Part Three asks how prediction should be rethought. Véliz critiques effective altruism, the philosophical movement popular among Silicon Valley elites, arguing that it depends on predictive abilities humans do not possess. Sam Bankman-Fried, the founder of the cryptocurrency exchange FTX and the movement's biggest donor, was convicted of massive fraud after secretly transferring customer deposits to fund bets. Véliz defends deontological ethics, which emphasizes duties and rights, and virtue ethics, which focuses on character, as approaches better suited to a world of irreducible uncertainty.
She argues that society should be designed to allow people to defy their predicted odds, citing the abolitionist Harriet Tubman's escape from slavery and Katalin Karikó's decades of marginalized research on mRNA, the messenger-molecule technology behind some COVID-19 vaccines, which led to a Nobel Prize. Preparation, she contends, is more valuable than prediction: Airplanes are built to withstand unpredictable events, not to predict each one. Creativity, humor, and democratic participation all depend on spaces of indeterminacy that prediction seeks to eliminate, since if destiny is written, there is no purpose in holding elections.

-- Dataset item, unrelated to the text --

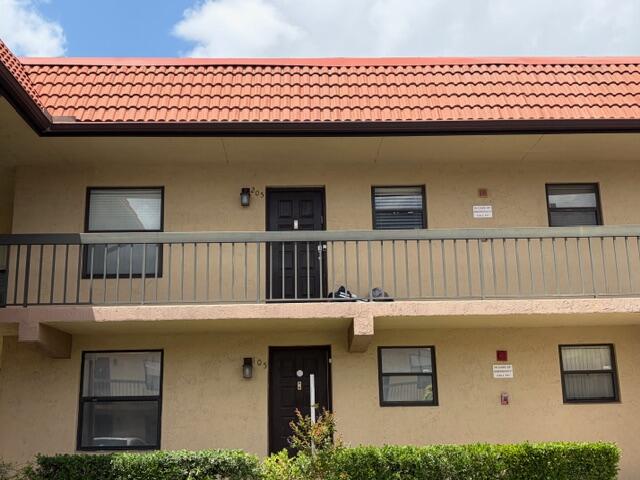 Foto de propiedad en 21906 Lake Forest Circle APT 205, Boca Raton, FL 33433 Boca Raton con MLS#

The final chapter draws on the ancient Greek philosopher Epicurus, who denied divination entirely and taught that freedom from fear and desire is the path to happiness. A prophet, Véliz concludes, has nothing to offer someone troubled by neither fear nor desire. An epilogue distills 10 heuristics for living amid uncertainty, including taking predictions as invitations for defiance and preparing rather than predicting. In a postscript, Véliz frames the book as a work of AI ethics, identifying surveillance and prediction as the original sins of digital technology. The good life, she argues, "is not a script to discover or follow, but a blank page to write on" (xvi).